感想「はじめて話すけど……」
「はじめて話すけど……」 小森収 創元推理文庫
昨年末に出たインタビュー集。
書店で見掛けて、冒頭のインタビューの相手が、近頃名前を見掛けない気がしていた各務三郎だったことで、興味を感じて、買ってみた。他にも興味深い名前が入っていたこともあり。
ただしこれは文庫化で、元版は2002年出版とのこと。従って、収録されているインタビューも、新版に向けて追加された北村薫を除けば、全部それ以前のものだった。「近頃名前を見掛けない」ことには、何も関係なかった(^^;。
あとはまあ、新しい本を読まずに、昔話を読むというのも、いかにも年寄りくさい、後ろ向きな読書だなあ、という気もしつつ…。
ちなみに、書店で見た時に興味を引かれたインタビュー相手(元々、ある程度の関心のある人物)は、各務三郎の他では、石上三登志、和田誠あたり。法月綸太郎、北村薫もよく知っている名前だけれど、逆にどういう方向の話になりそうか想像はついたし、あまり期待が出来ないのではと思った。
各務三郎や石上三登志については、彼らが関わっていた(以前から自分が興味を持っている)界隈の昔話の面白さだけでなく、彼らの興味の持ち方、面白がり方という部分に共感を覚えた。この二人の文章は、今まで随分読んだけれど、少し鼻持ちならないと感じることが時々あって、無条件にフォローしていたわけではなかった。でも、このインタビューから見える彼らの考え方を知ると、そういう文章の背景が見えてくるような気がしたし、好感度も上がった気がする。
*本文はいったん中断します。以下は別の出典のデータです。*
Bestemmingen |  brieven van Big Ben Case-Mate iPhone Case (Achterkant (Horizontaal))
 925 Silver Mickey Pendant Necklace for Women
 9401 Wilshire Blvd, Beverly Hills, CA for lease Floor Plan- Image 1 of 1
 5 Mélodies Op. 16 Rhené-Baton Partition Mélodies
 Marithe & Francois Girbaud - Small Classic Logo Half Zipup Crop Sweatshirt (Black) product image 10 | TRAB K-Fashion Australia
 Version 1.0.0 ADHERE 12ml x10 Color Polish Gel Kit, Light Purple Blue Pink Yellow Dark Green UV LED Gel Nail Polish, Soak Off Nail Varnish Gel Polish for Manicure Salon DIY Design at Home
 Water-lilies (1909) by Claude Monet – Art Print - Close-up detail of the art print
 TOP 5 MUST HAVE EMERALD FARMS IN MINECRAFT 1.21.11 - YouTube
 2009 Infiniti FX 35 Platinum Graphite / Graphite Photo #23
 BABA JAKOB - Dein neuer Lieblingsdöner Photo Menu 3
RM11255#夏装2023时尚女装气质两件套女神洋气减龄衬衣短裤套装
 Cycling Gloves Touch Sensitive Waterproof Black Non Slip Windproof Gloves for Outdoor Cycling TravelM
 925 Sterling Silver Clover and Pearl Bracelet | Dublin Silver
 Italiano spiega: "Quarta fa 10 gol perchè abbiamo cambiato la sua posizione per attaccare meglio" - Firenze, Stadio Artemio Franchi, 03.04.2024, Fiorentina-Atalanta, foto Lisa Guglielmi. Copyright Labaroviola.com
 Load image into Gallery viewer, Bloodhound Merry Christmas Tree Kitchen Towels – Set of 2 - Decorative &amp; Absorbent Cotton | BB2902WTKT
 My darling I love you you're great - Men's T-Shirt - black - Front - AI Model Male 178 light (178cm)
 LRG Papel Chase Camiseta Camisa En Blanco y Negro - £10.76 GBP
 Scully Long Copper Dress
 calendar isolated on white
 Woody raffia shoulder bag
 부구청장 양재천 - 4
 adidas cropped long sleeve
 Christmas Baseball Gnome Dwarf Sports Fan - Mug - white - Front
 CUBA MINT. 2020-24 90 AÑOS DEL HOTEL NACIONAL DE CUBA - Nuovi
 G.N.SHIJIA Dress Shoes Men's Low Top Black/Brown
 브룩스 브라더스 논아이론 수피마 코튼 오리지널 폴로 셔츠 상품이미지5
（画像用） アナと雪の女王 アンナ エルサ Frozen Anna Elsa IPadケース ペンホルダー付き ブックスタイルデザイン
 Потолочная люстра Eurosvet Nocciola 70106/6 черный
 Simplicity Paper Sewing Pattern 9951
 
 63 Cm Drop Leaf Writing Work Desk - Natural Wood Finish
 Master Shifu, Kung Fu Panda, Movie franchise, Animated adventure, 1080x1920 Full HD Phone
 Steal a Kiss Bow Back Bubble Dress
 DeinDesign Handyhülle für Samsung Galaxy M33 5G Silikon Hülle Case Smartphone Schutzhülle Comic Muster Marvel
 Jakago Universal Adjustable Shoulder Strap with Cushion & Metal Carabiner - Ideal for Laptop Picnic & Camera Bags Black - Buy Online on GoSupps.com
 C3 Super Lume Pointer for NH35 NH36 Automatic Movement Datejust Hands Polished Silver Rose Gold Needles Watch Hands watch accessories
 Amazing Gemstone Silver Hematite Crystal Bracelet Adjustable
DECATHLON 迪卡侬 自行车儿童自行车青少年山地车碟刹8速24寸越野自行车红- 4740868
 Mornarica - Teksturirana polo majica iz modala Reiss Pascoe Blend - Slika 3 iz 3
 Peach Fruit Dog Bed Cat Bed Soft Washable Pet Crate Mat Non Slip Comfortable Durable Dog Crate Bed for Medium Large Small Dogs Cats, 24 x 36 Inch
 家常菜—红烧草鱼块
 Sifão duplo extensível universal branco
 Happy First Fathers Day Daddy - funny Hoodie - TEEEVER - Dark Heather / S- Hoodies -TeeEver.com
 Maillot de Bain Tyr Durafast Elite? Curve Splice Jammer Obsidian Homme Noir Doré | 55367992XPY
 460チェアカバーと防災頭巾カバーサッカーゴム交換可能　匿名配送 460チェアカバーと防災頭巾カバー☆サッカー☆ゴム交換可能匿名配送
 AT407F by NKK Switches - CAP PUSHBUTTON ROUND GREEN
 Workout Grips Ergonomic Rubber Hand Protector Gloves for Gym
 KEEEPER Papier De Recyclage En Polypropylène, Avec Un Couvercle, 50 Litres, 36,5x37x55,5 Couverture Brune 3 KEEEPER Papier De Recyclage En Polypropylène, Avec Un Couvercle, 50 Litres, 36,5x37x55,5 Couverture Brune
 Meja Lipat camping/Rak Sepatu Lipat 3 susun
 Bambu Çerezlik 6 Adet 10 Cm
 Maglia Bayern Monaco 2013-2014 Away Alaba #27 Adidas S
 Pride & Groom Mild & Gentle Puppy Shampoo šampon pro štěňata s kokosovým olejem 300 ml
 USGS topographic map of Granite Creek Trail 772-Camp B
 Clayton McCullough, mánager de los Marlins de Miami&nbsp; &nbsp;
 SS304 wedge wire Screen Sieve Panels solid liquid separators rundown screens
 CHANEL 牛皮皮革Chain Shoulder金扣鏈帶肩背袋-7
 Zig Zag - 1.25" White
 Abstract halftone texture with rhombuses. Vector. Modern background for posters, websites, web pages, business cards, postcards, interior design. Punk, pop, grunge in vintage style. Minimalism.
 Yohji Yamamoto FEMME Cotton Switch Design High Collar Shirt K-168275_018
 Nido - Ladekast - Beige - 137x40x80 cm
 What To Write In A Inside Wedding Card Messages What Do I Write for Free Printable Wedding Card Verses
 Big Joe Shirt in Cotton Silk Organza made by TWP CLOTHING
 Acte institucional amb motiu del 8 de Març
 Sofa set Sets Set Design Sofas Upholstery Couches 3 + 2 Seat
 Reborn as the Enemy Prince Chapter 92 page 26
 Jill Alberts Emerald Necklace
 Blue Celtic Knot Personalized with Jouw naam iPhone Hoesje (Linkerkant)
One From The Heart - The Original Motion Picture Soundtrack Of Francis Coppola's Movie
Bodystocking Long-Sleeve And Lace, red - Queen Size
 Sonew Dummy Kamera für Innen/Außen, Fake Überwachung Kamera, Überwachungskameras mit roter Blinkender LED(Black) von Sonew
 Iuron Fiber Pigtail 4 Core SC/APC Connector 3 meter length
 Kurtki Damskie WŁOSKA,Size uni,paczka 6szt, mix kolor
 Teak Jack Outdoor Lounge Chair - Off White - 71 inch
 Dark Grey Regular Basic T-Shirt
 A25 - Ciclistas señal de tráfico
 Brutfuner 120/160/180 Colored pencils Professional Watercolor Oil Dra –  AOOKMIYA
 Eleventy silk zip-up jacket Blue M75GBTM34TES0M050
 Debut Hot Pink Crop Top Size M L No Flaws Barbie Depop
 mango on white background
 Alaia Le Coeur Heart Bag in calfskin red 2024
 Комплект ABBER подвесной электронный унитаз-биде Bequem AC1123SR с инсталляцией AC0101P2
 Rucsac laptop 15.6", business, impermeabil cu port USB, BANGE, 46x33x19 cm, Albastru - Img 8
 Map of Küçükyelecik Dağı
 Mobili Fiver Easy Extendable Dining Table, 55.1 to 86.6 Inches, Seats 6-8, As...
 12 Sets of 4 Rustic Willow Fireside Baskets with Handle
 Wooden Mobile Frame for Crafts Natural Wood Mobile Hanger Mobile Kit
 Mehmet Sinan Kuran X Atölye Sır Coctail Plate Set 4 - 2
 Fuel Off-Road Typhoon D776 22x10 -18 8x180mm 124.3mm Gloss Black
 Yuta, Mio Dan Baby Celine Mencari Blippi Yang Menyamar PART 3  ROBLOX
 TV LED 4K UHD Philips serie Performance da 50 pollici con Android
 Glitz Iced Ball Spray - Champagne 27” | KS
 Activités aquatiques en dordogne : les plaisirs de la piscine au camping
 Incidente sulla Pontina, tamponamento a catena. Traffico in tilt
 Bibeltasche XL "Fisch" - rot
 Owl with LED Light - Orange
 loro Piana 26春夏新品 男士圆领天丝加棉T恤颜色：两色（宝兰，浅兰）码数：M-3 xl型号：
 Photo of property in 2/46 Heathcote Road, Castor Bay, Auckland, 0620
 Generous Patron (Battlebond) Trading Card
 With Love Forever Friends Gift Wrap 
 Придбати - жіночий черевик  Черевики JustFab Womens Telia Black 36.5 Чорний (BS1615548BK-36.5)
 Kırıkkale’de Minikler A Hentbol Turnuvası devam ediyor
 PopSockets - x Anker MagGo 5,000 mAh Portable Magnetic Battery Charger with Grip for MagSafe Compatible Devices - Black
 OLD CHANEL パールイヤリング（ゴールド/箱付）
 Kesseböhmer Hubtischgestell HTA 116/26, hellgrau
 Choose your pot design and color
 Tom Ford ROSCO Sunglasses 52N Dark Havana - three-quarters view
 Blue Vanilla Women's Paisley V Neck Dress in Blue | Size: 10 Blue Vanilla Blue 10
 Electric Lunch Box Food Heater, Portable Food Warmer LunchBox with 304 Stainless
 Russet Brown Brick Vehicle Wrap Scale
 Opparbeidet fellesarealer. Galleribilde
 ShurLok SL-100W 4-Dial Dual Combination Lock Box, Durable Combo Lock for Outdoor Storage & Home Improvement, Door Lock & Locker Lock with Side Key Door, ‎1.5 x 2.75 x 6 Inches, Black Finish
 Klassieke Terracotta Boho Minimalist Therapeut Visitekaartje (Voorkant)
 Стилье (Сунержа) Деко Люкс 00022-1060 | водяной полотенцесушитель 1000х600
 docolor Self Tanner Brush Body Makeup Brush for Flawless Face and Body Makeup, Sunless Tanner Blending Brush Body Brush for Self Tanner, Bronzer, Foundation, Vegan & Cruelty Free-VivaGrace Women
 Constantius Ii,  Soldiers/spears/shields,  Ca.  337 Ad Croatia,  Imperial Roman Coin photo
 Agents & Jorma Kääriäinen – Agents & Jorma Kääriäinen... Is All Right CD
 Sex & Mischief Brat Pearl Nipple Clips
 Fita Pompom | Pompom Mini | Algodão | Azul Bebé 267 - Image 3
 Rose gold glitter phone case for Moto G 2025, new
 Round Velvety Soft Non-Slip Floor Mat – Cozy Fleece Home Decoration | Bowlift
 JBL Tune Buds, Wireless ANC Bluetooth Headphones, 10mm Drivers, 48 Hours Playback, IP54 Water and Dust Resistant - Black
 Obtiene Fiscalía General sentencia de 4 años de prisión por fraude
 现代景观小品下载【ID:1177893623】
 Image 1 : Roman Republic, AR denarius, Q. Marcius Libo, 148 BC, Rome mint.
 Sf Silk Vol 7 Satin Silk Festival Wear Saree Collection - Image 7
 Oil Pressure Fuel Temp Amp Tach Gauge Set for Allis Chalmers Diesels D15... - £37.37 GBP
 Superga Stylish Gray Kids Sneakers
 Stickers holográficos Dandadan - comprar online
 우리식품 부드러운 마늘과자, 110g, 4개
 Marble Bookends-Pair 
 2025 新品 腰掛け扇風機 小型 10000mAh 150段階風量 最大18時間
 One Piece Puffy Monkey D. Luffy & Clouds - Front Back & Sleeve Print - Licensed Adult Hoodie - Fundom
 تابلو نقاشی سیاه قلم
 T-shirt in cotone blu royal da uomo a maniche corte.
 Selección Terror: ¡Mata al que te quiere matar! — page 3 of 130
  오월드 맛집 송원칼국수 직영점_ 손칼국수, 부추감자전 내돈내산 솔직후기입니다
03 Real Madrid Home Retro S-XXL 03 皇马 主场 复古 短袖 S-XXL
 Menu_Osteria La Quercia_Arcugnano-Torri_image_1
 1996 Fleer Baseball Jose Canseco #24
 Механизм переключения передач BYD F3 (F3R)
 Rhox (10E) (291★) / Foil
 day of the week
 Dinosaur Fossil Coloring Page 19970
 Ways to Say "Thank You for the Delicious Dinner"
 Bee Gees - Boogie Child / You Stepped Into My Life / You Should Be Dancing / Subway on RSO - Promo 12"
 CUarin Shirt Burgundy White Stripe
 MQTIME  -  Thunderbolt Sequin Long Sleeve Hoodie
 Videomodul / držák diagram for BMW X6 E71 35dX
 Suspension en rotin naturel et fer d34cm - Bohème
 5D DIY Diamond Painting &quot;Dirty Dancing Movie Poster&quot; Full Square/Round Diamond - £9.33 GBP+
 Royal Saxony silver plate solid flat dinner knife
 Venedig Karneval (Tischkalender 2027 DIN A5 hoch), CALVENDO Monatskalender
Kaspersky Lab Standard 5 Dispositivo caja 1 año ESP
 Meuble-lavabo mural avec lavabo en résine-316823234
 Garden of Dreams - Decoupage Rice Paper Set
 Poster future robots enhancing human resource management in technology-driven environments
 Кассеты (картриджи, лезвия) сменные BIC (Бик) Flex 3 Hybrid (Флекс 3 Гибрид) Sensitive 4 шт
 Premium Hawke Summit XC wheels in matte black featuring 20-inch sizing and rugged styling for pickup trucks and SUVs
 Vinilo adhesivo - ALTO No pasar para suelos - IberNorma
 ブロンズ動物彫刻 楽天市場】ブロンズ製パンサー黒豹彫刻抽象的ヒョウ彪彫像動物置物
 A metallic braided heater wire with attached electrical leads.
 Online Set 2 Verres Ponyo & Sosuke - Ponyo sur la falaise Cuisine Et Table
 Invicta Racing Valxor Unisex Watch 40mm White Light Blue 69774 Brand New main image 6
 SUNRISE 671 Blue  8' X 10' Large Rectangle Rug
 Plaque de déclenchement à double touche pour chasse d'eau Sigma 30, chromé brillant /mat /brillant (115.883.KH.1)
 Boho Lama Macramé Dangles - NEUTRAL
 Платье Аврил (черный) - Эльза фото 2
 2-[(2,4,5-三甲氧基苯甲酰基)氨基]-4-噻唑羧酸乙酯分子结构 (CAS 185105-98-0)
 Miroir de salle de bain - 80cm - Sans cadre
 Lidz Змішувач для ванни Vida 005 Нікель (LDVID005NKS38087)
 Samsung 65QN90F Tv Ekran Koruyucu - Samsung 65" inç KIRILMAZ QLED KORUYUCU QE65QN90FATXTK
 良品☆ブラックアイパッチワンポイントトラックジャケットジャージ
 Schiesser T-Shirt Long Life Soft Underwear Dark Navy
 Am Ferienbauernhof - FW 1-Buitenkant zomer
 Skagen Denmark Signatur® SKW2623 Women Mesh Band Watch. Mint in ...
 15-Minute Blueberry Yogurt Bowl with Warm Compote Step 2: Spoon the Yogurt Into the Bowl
いまさらではあるけど。
和田誠の昔話も、この二人と近い所にあるかな。
三谷幸喜が「作戦」映画について語るインタビューは、「作戦」映画の楽しさというのが感覚的に分かる気がするので、楽しかった。皆川博子の、太平洋戦争前後の本好き少女の読書履歴も興味深かった。太平洋戦争前の日本にも、実は、ある程度開明的な文化が育っていたのだけど、軍国主義とそれが引き起こした戦争によって抑圧されていったということが、近頃、結構語られるようになって、ドラマや映画にも描かれたりしているようなのだけど(ほぼ見てないが)、それを連想させるような部分があると感じた。戯曲の翻訳について語る松岡和子のインタビューは、役を演じる俳優の実感によって、翻訳がブラッシュアップされていくという話に、とても興味を引かれた。
面白く読めなかったのは、やはり法月綸太郎で、アントニー・バークリーの作品を中心にした本格ミステリ論なので、バークリーをほとんど読んでいない(読んだものも内容を忘れている)自分にとっては、全然見えてこない話だった。まあ、これは仕方ない。
北村薫のインタビューは、自分とは嗜好の方向性が違う人だなというのが、改めてよく分かったと思う(ある意味、各務三郎、石上三登志と逆のパターン)。
面白く読めなかったものもあるけれど、それでも総じて、読んでよかったと思う。小説や映画といったものに対する自分の嗜好や立ち位置的なものも、改めて確認出来たような気がする。